Influenza viruses are characterized by two numbers, according to Olsen: an H number and an N number. The H refers to the form of the hemagglutinin protein in the virus and the N refers to the form of neuraminidase in the virus; there are 17 forms of H and nine forms of N in the world. In order for an influenza virus to create a pandemic, it would have to be a novel virus, meaning a virus would have to appear with an H number the world has never seen, or has seen in very isolated cases.
“If nobody in the world has been exposed to that [H number] before because it is a brand new virus coming into the human population, then everybody in the world is susceptible at once,” said Olsen, an expert in pandemics and animal to human viral infections.
Olsen explained, however, having a novel virus was just one of two criteria in created a pandemic, and one must also understand how a virus infects a host and adapts to humans.
Unlike bacterial infections, viruses cannot replicate outside of a living host, so they must continually attach themselves to receptors and hope to infect a cell in order to reproduce.
“Viruses can’t do anything except, at the very most, hope to survive within the environment long enough to reach and infect another host,” Olsen said. “They have to be infecting a host in order to increase their numbers, to replicate, to do anything.”
In order for a virus to infect a host, whether it be a human or other animal, it must attach itself to a receptor of a cell within that host. The receptor acts much like a cup that catches the virus. If the virus is the same shape as the cup, it will bind to the receptor, infecting the cell. In the case of influenza viruses, the receptor is often a type of sugar-coated compound called sialic acids.

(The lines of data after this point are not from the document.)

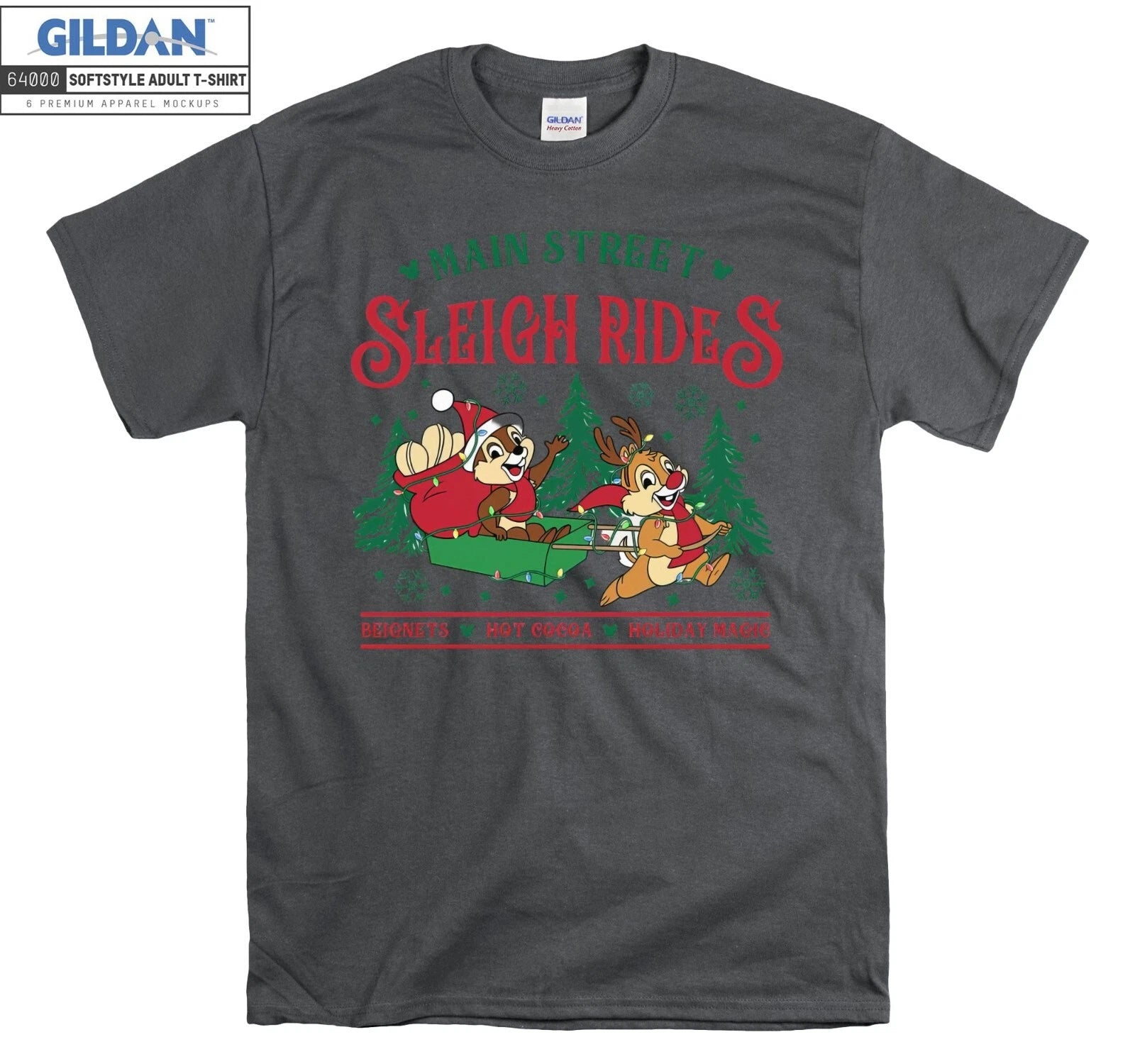Disney Santa Chip And Dale Main Street Slei Hoodie Tshirt Men Women Unisex Ab539
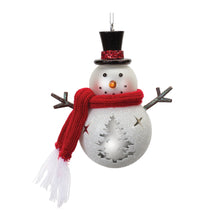 Load image into Gallery viewer, Glittered Glass Snowman Ornament (Set of 6)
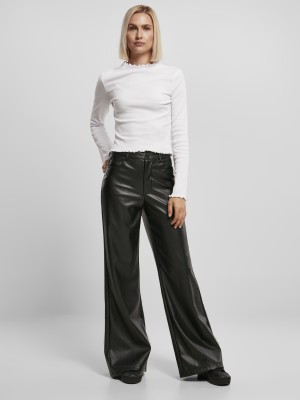 Дамска блуза с дълги ръкави в бял цвят Ladies Rib Turtelneck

However, a virus cannot infect just any host it encounters. The virus must be adapted to be able to bind with the specific receptors on the cells of the host. For avian influenza, birds and humans have different receptors the virus must bind to in order to cause an infection.
The difference between the receptors, according to Olsen, is in the structure of the sialic acids. For avian influenza to infect humans, the virus must bind to a different receptor than it does to infect birds. In order for a virus to move from an animal to a human, it must adapt to the specific receptor in humans, according to Olsen. As Kawaoka and his colleagues observed in their paper, it appears H7N9 has achieved this adaptation.

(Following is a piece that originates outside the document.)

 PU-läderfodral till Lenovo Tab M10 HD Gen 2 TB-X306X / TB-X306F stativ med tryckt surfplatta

But, a pandemic requires human-to-human transmission. This adaptation to have the ability to transmit from animals to humans is not enough.

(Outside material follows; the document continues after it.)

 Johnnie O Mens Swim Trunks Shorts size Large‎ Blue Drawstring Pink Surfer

“What triggers a pandemic is when that person-to-person transmission is so efficient, it happens in a community setting,” Olsen said.
For the time being, it does not appear H7N9 has reached a pandemic stage. There is no strong evidence, according to Olsen, that H7N9 has fully adapted to human-to-human transmission. However, Olsen warns of the unpredictability of influenza viruses, saying, “The one thing that is predictable about influenza viruses is they’re unpredictable.”
The world is now just waiting to see if H7N9 makes that final jump to adapt to human-to-human transmission. If this occurs, we may find ourselves in the midst of the worst-case scenario: a widespread, human influenza pandemic.
“The person-to-person issue is the thing that everyone is watching very closely right now,” Olsen said.